De Sarmento Pimentel recebi alguns livros de presente, entre eles vários exemplares de “Memórias do Capitão”, cujas dedicatórias iam ‘enriquecendo’ à medida que a nossa amizade se consolidava. No primeiro exemplar que Sarmento Pimentel me ofereceu o velho Capitão escreveu apenas: “Ao capitão José Verdasca dos Santos, meu ilustre camarada, com um abraço”. Depois Sarmento Pimentel ofereceu-me novo exemplar da mesma obra, com a seguinte dedicatória: “Ao capitão José Verdasca dos Santos, meu ilustre camarada e amigo”. Passado algum tempo, Sarmento Pimentel escreveu a seguinte dedicatória: “Ao capitão José Verdasca dos Santos, meu ilustre camarada e amigo, com um fraterno abraço do Velho Capitão”. Outras dedicatórias se seguiram, evidenciando profunda amizade, por vezes carinhosas e até mesmo paternalistas, em livros e retratos que guardo com gratidão. 

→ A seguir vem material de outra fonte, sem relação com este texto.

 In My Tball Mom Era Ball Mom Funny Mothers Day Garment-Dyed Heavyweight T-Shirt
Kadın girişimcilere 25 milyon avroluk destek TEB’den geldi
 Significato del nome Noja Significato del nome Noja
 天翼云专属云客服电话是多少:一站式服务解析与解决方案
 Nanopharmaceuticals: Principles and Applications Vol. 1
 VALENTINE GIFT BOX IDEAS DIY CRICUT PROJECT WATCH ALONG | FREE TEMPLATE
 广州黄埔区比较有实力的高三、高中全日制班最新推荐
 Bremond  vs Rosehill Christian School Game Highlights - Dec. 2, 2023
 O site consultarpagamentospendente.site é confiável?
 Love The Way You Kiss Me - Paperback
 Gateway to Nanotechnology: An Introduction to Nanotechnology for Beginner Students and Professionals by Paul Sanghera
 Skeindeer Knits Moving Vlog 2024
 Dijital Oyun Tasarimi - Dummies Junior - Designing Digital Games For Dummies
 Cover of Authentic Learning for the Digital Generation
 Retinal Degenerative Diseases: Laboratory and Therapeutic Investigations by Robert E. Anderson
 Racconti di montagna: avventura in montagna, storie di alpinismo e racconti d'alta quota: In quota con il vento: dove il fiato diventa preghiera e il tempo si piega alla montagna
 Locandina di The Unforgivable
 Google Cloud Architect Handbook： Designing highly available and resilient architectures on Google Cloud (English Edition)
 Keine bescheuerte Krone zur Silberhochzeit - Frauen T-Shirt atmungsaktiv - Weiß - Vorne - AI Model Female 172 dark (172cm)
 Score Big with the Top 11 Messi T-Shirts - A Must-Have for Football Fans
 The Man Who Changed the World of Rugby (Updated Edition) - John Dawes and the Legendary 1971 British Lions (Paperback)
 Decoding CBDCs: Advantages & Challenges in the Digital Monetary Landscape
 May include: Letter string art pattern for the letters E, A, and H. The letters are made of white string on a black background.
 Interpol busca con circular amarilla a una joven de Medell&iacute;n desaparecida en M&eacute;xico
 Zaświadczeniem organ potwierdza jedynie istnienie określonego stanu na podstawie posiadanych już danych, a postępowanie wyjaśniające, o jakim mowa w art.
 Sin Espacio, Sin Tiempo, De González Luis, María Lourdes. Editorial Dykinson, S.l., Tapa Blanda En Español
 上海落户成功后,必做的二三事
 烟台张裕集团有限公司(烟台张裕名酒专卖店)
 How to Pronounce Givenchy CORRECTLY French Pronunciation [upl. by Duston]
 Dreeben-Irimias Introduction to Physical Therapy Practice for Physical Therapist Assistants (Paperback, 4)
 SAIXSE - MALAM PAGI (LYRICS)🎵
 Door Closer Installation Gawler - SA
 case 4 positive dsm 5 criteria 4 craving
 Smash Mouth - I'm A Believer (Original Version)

O Velho Capitão que aqui tento retratar fielmente, acabou abrindo o seu coração definitivamente quando, após a minha ida ao Conselho da Revolução para solicitar a sua promoção a general, a mesma foi concedida, e Marques Júnior veio a São Paulo colocar-lhe nos ombros as respetivas estrelas, que ele já não esperava. Foi no dia 25 de abril de 1980 (se a memória me não atraiçoa), talvez dez anos após o início de nosso relacionamento. Mas, então, eu e minha mulher já vínhamos sendo convidados para o almoço de seu aniversário, onde se servia o famoso folar (salgado) de sua terra natal, apenas para a sua família e os casais Verdasca e Baleizão, este último também refugiado político e seu afilhado de casamento. 

Homem de firme e reto carácter, cioso de seus direitos e cumpridor de seus deveres, Sarmento Pimentel era um homem objetivo e prático, de elevado prestígio e muito popular, mas que a poucos concedia intimidade. À parte os almoços das quartas feiras, quando recebia apenas seis comensais, a sua casa não era muito frequentada, exceção feita a Jorge de Sena e mais uns poucos, que se valiam da sua rica biblioteca para efetuar as suas pesquisas. E esses poucos eram os intelectuais portugueses residentes e ou de passagem por São Paulo, normalmente seus antigos companheiros da Seara Nova. Também recebia Mário Soares quando ele – a serviço da oposição  - se deslocava ao Brasil. Mas não era homem de – como aqui se diz – jogar conversa fora.